BEGIN Information provided
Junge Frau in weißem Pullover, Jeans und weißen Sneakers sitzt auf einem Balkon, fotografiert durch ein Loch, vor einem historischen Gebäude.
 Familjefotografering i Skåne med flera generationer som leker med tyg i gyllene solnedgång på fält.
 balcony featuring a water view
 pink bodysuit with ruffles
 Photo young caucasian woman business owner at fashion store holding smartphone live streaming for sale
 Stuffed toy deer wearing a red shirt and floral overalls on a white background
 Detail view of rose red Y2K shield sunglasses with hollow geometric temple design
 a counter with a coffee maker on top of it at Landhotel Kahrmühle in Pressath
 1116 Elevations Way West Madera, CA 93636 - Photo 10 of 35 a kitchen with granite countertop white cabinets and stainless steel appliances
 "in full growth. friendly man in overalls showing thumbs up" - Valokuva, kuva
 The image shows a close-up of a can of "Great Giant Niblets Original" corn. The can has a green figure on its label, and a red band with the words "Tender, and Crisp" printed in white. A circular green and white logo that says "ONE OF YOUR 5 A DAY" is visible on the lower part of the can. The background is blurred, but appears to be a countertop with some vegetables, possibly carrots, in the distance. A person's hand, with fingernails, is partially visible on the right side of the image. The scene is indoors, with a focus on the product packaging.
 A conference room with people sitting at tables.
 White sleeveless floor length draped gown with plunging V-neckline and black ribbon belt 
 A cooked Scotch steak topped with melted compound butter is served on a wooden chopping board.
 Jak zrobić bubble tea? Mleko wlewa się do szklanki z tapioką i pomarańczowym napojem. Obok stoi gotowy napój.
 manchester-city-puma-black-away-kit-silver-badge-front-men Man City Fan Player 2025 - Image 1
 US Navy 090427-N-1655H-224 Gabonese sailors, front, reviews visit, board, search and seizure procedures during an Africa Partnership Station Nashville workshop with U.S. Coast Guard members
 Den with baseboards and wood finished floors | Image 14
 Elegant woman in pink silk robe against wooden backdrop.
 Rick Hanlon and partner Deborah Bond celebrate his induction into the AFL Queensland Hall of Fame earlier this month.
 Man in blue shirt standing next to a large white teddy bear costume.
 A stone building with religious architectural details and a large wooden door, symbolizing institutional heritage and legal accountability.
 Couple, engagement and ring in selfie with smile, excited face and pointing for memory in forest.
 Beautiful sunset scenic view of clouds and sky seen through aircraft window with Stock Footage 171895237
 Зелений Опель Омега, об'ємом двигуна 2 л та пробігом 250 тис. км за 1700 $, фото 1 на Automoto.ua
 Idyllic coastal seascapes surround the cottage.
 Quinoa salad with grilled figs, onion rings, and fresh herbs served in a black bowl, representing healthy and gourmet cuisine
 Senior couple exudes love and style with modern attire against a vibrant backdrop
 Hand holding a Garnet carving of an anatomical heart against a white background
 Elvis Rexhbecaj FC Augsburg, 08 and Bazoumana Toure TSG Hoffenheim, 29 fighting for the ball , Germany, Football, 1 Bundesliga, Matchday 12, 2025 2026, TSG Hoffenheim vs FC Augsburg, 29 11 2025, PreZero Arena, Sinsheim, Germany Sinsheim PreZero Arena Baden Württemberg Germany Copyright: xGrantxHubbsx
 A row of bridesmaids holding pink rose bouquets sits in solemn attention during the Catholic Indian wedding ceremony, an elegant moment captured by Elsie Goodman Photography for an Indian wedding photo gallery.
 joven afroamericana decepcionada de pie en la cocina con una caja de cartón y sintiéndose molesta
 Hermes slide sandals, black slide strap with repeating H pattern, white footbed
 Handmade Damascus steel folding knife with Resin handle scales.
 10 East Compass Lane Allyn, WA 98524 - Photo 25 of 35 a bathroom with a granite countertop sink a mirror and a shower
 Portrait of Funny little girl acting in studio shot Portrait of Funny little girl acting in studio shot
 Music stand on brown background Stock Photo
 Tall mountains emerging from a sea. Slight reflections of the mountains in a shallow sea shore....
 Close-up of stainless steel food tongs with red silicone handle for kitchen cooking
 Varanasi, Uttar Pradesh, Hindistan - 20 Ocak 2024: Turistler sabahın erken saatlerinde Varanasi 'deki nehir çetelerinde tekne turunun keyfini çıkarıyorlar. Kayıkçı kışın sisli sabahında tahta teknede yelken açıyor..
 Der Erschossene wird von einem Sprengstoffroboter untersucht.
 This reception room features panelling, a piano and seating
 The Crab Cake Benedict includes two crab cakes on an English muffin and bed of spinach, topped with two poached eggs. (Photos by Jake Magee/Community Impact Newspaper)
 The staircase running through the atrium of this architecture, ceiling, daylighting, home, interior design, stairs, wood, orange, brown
END Information provided
**What the exercise asks:** Please copy the lines above from the line with "Rick Hanlon and" up to and including the line with "joven afroamericana decepcionada", exactly as written and with nothing else.

**Answer to this task:**
 Rick Hanlon and partner Deborah Bond celebrate his induction into the AFL Queensland Hall of Fame earlier this month.
 Man in blue shirt standing next to a large white teddy bear costume.
 A stone building with religious architectural details and a large wooden door, symbolizing institutional heritage and legal accountability.
 Couple, engagement and ring in selfie with smile, excited face and pointing for memory in forest.
 Beautiful sunset scenic view of clouds and sky seen through aircraft window with Stock Footage 171895237
 Зелений Опель Омега, об'ємом двигуна 2 л та пробігом 250 тис. км за 1700 $, фото 1 на Automoto.ua
 Idyllic coastal seascapes surround the cottage.
 Quinoa salad with grilled figs, onion rings, and fresh herbs served in a black bowl, representing healthy and gourmet cuisine
 Senior couple exudes love and style with modern attire against a vibrant backdrop
 Hand holding a Garnet carving of an anatomical heart against a white background
 Elvis Rexhbecaj FC Augsburg, 08 and Bazoumana Toure TSG Hoffenheim, 29 fighting for the ball , Germany, Football, 1 Bundesliga, Matchday 12, 2025 2026, TSG Hoffenheim vs FC Augsburg, 29 11 2025, PreZero Arena, Sinsheim, Germany Sinsheim PreZero Arena Baden Württemberg Germany Copyright: xGrantxHubbsx
 A row of bridesmaids holding pink rose bouquets sits in solemn attention during the Catholic Indian wedding ceremony, an elegant moment captured by Elsie Goodman Photography for an Indian wedding photo gallery.
 joven afroamericana decepcionada de pie en la cocina con una caja de cartón y sintiéndose molesta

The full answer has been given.